> **RECORDED DATA**
====

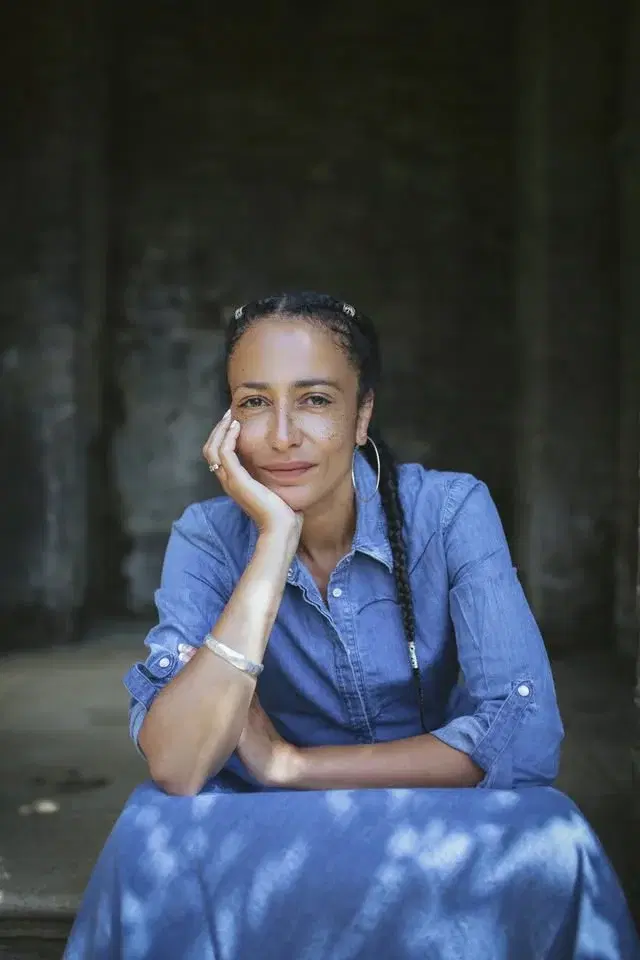 International Forfatterscene: Zadie Smith (UK)
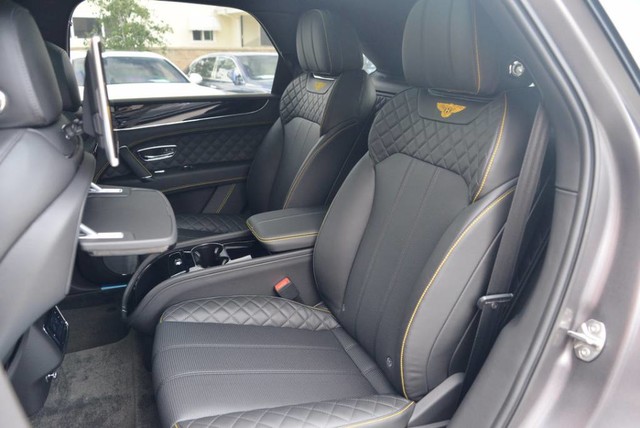 2018 Bentley Bentayga 4dr SUV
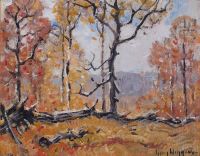 Autumn Days, Annisquam, c. 1940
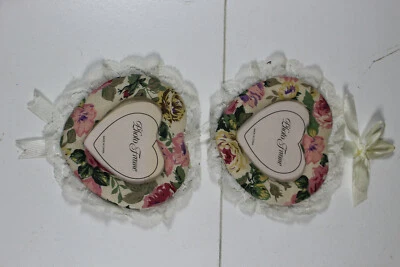 Heart Frames, Cloth - Floral, Valentines Day, Love - Image 1 of 2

====

> **TASK STATEMENT**
All of the data gets printed again exactly; the pictures do not.

> **WRITTEN ANSWER**
 International Forfatterscene: Zadie Smith (UK)
 2018 Bentley Bentayga 4dr SUV
 Autumn Days, Annisquam, c. 1940
 Heart Frames, Cloth - Floral, Valentines Day, Love - Image 1 of 2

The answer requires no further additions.